Some years, however, have been better than others.
At the 1984 Olympics, Carl Lewis and Evelyn Ashford helped the U.S. pull off an improbable feat, winning gold and silver in both the 100 and 200 in men's and women's competitions, while also sweeping the 4×100 relays.
On the opposite end of the spectrum: The 2008 Beijing Olympics, where Americans earned just two bronzes and one silver.
Since those 2008 Games, the U.S. has won just three golds at the short distances, two of them in the women's 4×100 relay. The dominance of Bolt obviously had something to do with that, but it didn't make the results any less disappointing.
The past few years, however, have provided evidence of a shift, as Bolt retired and a wave of up-and-coming Americans have battled to fill his spot atop the world rankings.
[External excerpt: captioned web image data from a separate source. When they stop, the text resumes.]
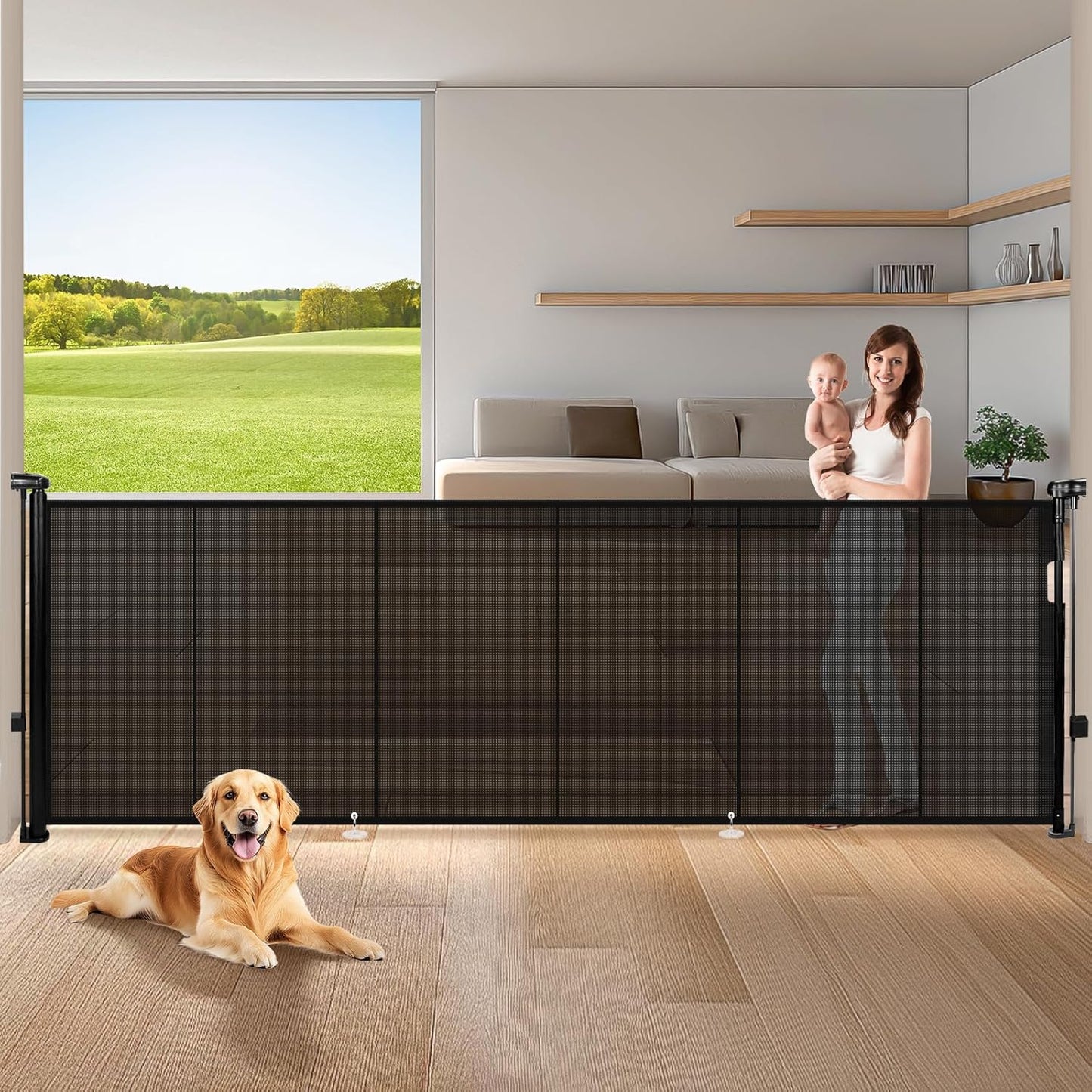 120" Extra Wide Retractable Baby Gates Mesh Gate, Long Retractable Dog Gate for Large Opening, 42" Extra Tall Child Safety Gate Pet Gate with Support Rods for Stairs Hallways Doorways Indoor Outdoor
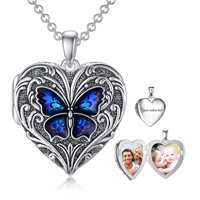 Vente en gros de collier médaillon photo gravé en forme de cœur de papillon en émail en argent sterling S925
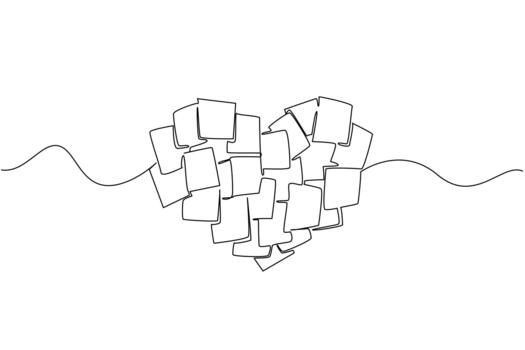 Continuous one line drawing a series of scrap paper that forms a heart shape. Love messages for the loved ones at home. Information. National Memo Day. Single line draw illustration vector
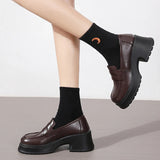 Brown Pu Leather Platform Loafers for Women British Style Round Toe Thick Heel Pumps Woman Slip On High Heels Office Shoes Lady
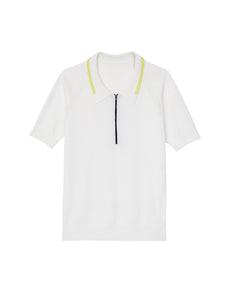 Zip Front Knit Polo in White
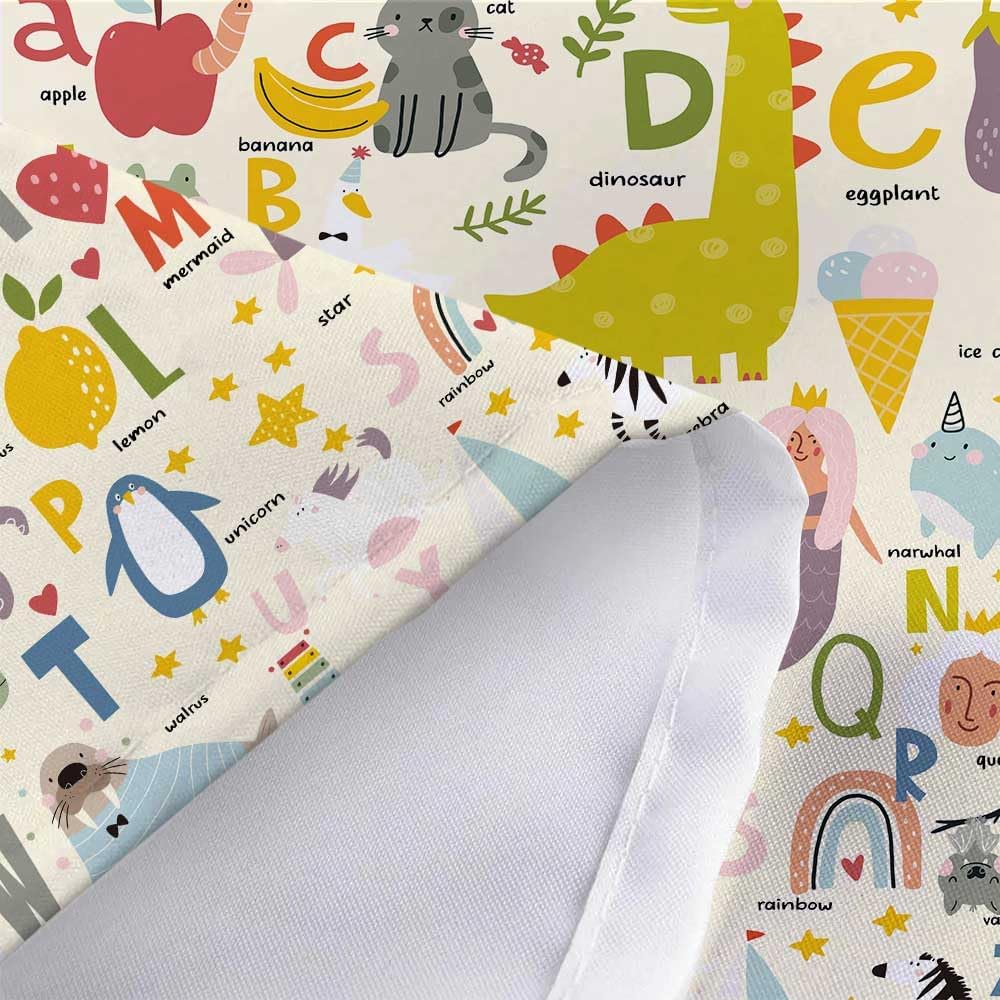JAWO Kids ABC Learning Shower Curtain Set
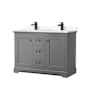 Wyndham Collection Avery 48" Free Standing Double Basin Vanity Set with Cabinet and Cultured Marble Vanity Top Dark Gray / White Cultured Marble Top / Matte Black Hardware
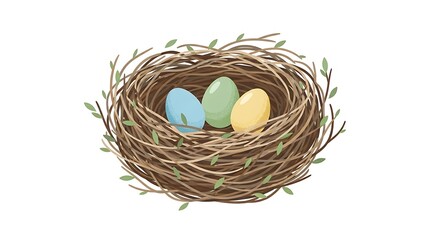 Bird Nest with Colorful Eggs Simple Graphic on White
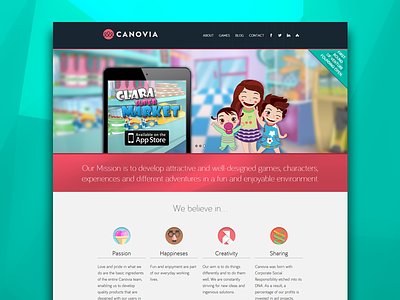 Canovia home app css3 design games html5 ios kids responsive web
Since the conclusion of the Rio Games, U.S. men have run 21 of the fastest 22 times in the world in the 100, and 15 of the fastest 22 times in the 200. In Sunday's 100-meter final, five men beat or matched the time that secured a bronze medal at the most recent Olympics (9.91) – even without Christian Coleman, who was banned two years for whereabouts failures.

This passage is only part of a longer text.